It usually takes about a half hour longer at that temp.
Pizza dough works the same.


----------



## haunted (Jul 24, 2011)

If your water heater has a flat top, you can put the bowl of dough on top of that and it will rise.
Also you can turn the oven on warm for a few minutes, turn it off and let the oven cool a little bit then put the dough in there.


----------



## lyncecelia (Apr 18, 2014)

Thank you everyone for all the tips! I really appreciate it!


----------



## Shin (Mar 25, 2014)

It took me forever to find out the reason I was having problems with yeast breads was not giving the yeast enough time to proof before mixing it in the flour, and not keeping the dough in a warm place.
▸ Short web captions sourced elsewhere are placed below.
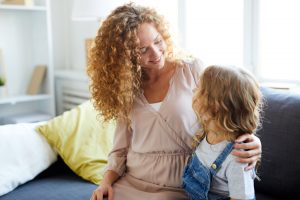 Mother Talking to Child | Children's World Learning Center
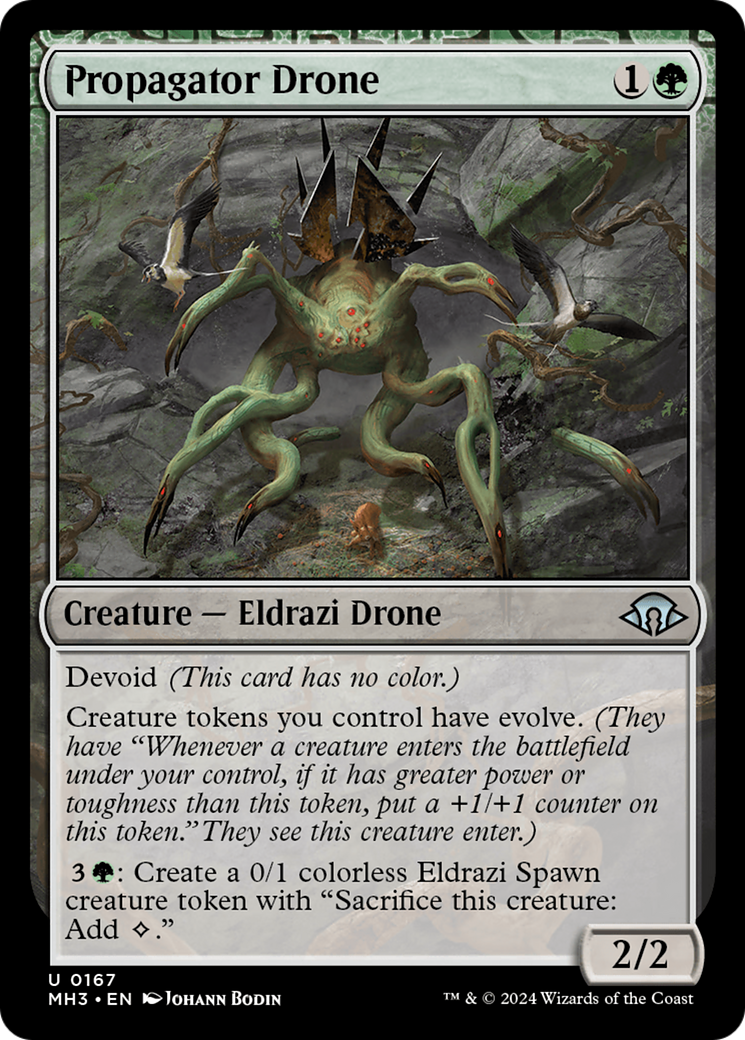 Propagator Drone (MH3-167) [Modern Horizons 3]: (devoid)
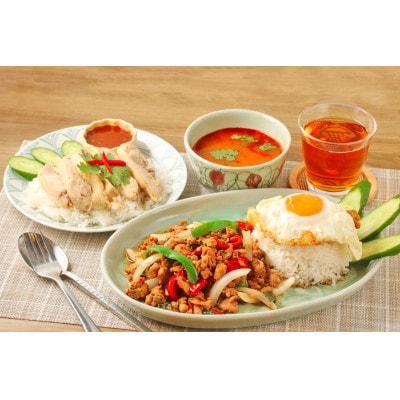 【本格タイ料理クルン・サイアムのスースーデリ】スタンダードタイ料理セット 6個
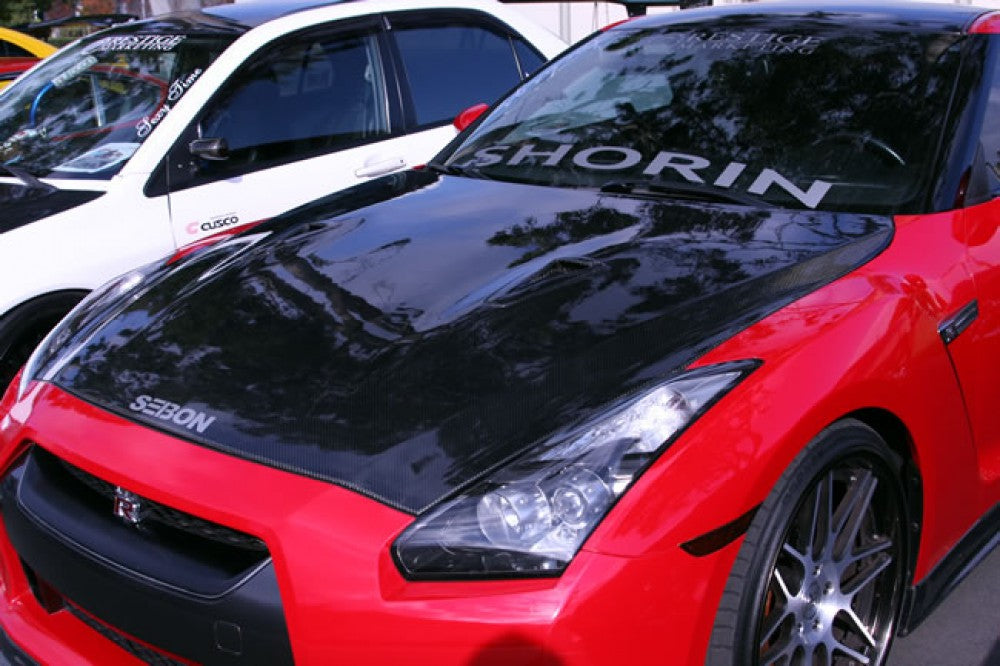 Seibon Carbon Fiber OEM-Style Hood 2009-2016 GT-R
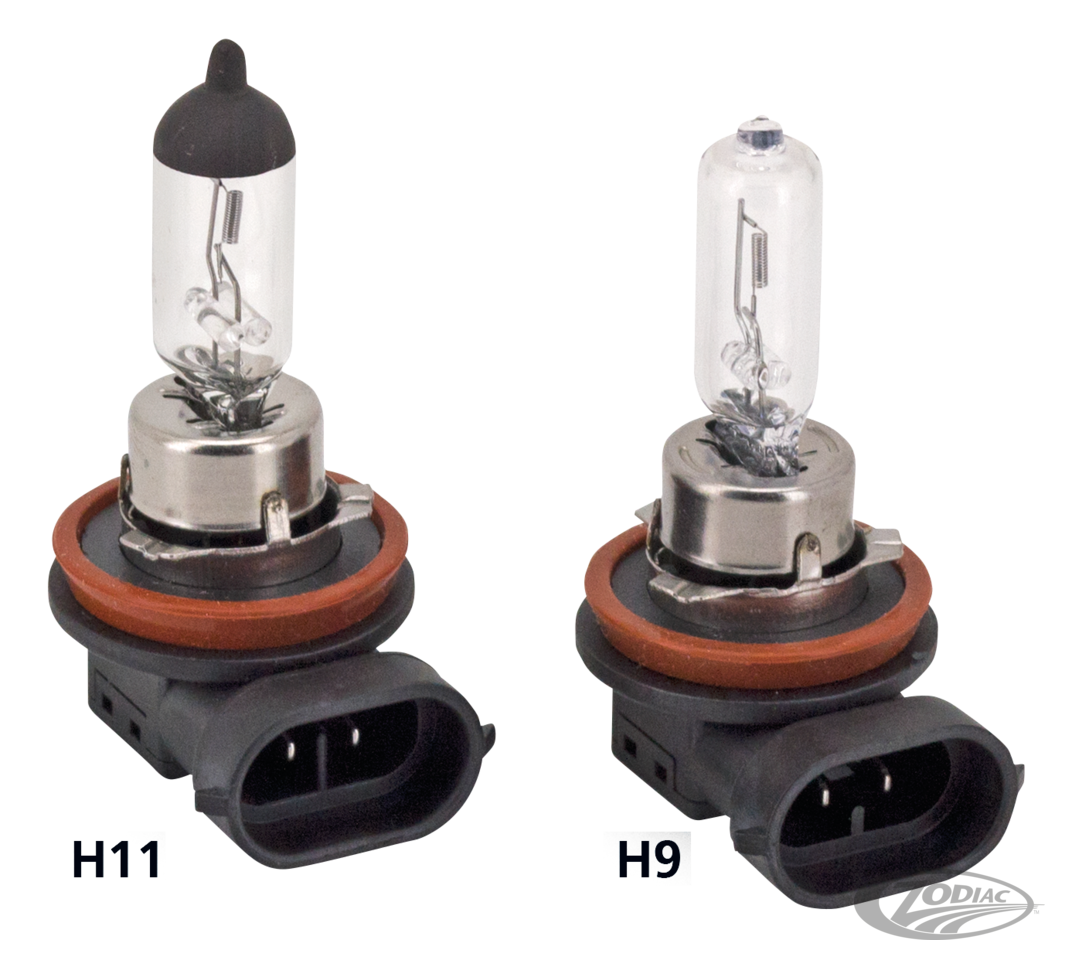 GZP 10Pck Hi beam bulb H9 12V 65W For Harley-Davidson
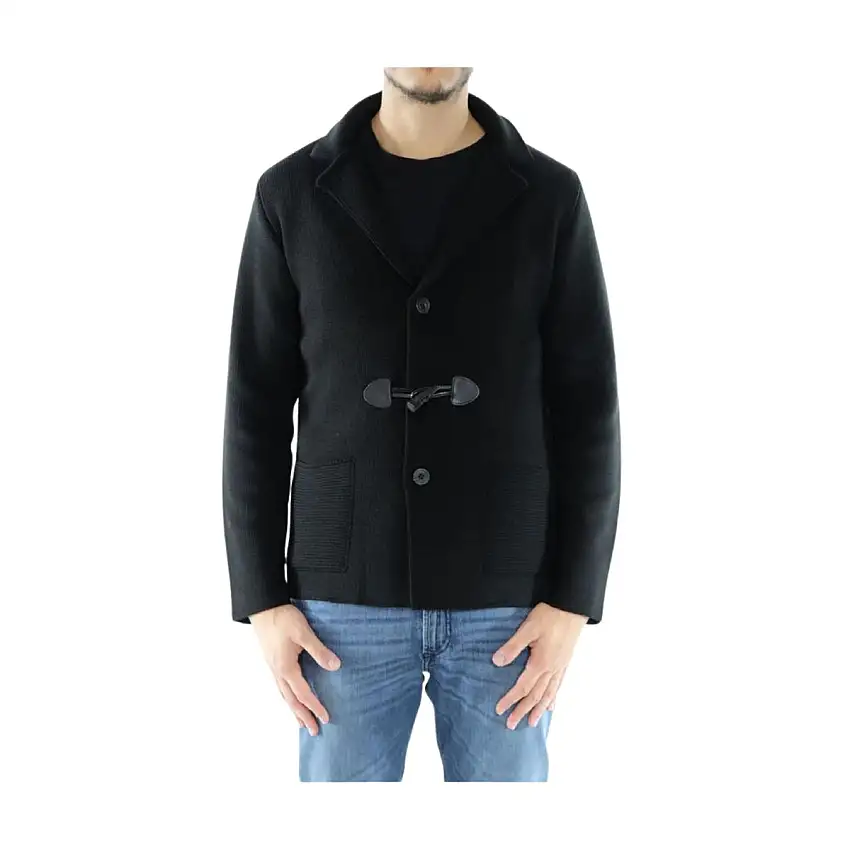 Giacca Uomo in maglia con alamaro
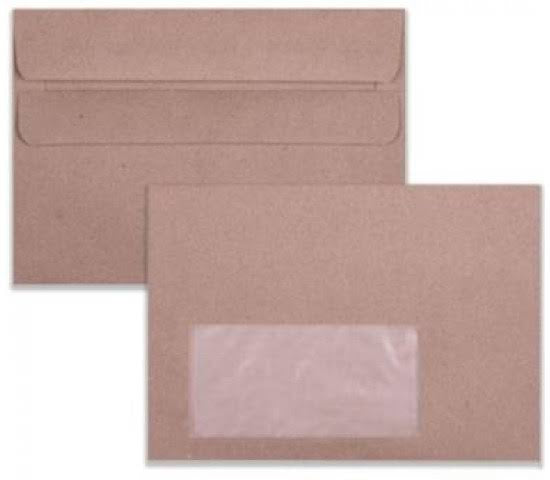 Envelopes C6 manilla window (114x162)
And then I had to learn to knead it enough!


----------



## newfieannie (Dec 24, 2006)

just don't put your dough down in the furnace room and go out in the garden for several hours and forget about it. when you open that door it will be coming to meet you and will only be good for frying out into dough gobs. ~Georgia


----------



## countryfied2011 (Jul 5, 2011)

newfieannie said:


> just don't put your dough down in the furnace room and go out in the garden for several hours and forget about it. when you open that door it will be coming to meet you and will only be good for frying out into dough gobs. ~Georgia


omg, I almost spit my water all over the computer....I can just imagine this happning....Actually I had it happen to a can of biscuits in my car. I was driving down the road with groceries in the back seat(it was really hot that day and I had a lot of errands to do) all of sudden i hear this big poof...biscuit dough started going all over the back seat of the car...

The bread I make only has to rise 1 time and I do it on top of the stove, in the summer time I stick it outside..lol I have a Excalibur and know it will rise in there but never think about it. Mine rises in about 40 minutes on top of the stove.


----------